Exercise brief
Find the line that contains "Run The Jewels 3"; then retype it and each line after it, exactly, through the final line of the data below.

Given information: Begin

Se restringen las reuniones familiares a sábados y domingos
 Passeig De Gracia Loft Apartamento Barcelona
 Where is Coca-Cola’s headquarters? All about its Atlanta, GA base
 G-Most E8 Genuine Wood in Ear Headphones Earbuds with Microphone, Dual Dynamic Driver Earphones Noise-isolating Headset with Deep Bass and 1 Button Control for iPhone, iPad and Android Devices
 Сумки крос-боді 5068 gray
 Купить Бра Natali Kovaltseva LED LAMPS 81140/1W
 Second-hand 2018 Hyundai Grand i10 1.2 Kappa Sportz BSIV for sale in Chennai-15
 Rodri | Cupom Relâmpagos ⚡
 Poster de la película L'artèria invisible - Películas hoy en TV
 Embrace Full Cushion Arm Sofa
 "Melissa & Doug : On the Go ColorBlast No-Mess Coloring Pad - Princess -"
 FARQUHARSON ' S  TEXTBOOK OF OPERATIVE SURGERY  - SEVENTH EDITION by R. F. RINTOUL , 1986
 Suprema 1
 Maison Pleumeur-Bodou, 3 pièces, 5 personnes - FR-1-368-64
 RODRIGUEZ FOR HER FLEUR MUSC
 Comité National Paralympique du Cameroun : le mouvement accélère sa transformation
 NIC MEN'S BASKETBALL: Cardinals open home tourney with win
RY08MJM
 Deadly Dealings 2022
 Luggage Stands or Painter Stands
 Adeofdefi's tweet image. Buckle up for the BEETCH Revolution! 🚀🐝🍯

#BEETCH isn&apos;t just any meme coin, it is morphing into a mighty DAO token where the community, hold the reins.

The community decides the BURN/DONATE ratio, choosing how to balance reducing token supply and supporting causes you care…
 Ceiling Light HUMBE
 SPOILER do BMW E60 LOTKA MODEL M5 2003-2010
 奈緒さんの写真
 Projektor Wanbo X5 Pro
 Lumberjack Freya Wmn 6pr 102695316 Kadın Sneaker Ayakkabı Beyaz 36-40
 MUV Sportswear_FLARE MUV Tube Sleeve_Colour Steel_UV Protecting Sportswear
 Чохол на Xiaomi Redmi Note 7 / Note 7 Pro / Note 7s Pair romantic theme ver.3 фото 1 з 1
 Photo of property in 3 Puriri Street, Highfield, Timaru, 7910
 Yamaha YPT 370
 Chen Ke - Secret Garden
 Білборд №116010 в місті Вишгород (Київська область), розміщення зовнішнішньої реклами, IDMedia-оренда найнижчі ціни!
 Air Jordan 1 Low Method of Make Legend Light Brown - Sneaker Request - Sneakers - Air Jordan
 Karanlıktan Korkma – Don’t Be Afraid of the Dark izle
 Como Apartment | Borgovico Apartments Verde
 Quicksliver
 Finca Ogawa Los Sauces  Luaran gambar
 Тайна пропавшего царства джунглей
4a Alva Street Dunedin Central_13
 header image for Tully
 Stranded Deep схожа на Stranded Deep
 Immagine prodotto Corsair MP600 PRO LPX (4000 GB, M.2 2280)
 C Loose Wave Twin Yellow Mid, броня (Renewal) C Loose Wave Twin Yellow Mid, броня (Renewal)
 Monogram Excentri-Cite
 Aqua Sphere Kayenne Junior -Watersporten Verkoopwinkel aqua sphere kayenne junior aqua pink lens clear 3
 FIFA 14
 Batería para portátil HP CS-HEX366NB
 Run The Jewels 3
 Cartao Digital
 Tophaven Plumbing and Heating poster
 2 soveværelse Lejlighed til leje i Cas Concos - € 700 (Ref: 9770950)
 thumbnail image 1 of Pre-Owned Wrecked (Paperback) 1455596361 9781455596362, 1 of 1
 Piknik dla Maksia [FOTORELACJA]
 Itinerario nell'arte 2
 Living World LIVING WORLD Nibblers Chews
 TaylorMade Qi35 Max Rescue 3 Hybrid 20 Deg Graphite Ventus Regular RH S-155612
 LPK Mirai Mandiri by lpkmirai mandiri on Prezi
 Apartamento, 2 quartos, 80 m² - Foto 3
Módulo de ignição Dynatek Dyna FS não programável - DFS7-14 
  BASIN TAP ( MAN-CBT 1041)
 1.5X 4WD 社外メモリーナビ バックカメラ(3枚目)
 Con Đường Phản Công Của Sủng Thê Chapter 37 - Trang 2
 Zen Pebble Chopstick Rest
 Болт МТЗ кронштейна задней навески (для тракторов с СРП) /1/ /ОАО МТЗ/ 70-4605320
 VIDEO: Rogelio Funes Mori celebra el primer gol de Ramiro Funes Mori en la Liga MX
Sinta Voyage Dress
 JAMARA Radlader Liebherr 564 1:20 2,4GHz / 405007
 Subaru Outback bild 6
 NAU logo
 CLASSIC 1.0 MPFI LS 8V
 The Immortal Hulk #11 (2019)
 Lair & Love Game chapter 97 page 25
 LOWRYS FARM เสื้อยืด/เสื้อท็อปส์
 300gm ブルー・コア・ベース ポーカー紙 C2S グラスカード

Given information: End

Solution for this problem
 Run The Jewels 3
 Cartao Digital
 Tophaven Plumbing and Heating poster
 2 soveværelse Lejlighed til leje i Cas Concos - € 700 (Ref: 9770950)
 thumbnail image 1 of Pre-Owned Wrecked (Paperback) 1455596361 9781455596362, 1 of 1
 Piknik dla Maksia [FOTORELACJA]
 Itinerario nell'arte 2
 Living World LIVING WORLD Nibblers Chews
 TaylorMade Qi35 Max Rescue 3 Hybrid 20 Deg Graphite Ventus Regular RH S-155612
 LPK Mirai Mandiri by lpkmirai mandiri on Prezi
 Apartamento, 2 quartos, 80 m² - Foto 3
Módulo de ignição Dynatek Dyna FS não programável - DFS7-14 
  BASIN TAP ( MAN-CBT 1041)
 1.5X 4WD 社外メモリーナビ バックカメラ(3枚目)
 Con Đường Phản Công Của Sủng Thê Chapter 37 - Trang 2
 Zen Pebble Chopstick Rest
 Болт МТЗ кронштейна задней навески (для тракторов с СРП) /1/ /ОАО МТЗ/ 70-4605320
 VIDEO: Rogelio Funes Mori celebra el primer gol de Ramiro Funes Mori en la Liga MX
Sinta Voyage Dress
 JAMARA Radlader Liebherr 564 1:20 2,4GHz / 405007
 Subaru Outback bild 6
 NAU logo
 CLASSIC 1.0 MPFI LS 8V
 The Immortal Hulk #11 (2019)
 Lair & Love Game chapter 97 page 25
 LOWRYS FARM เสื้อยืด/เสื้อท็อปส์
 300gm ブルー・コア・ベース ポーカー紙 C2S グラスカード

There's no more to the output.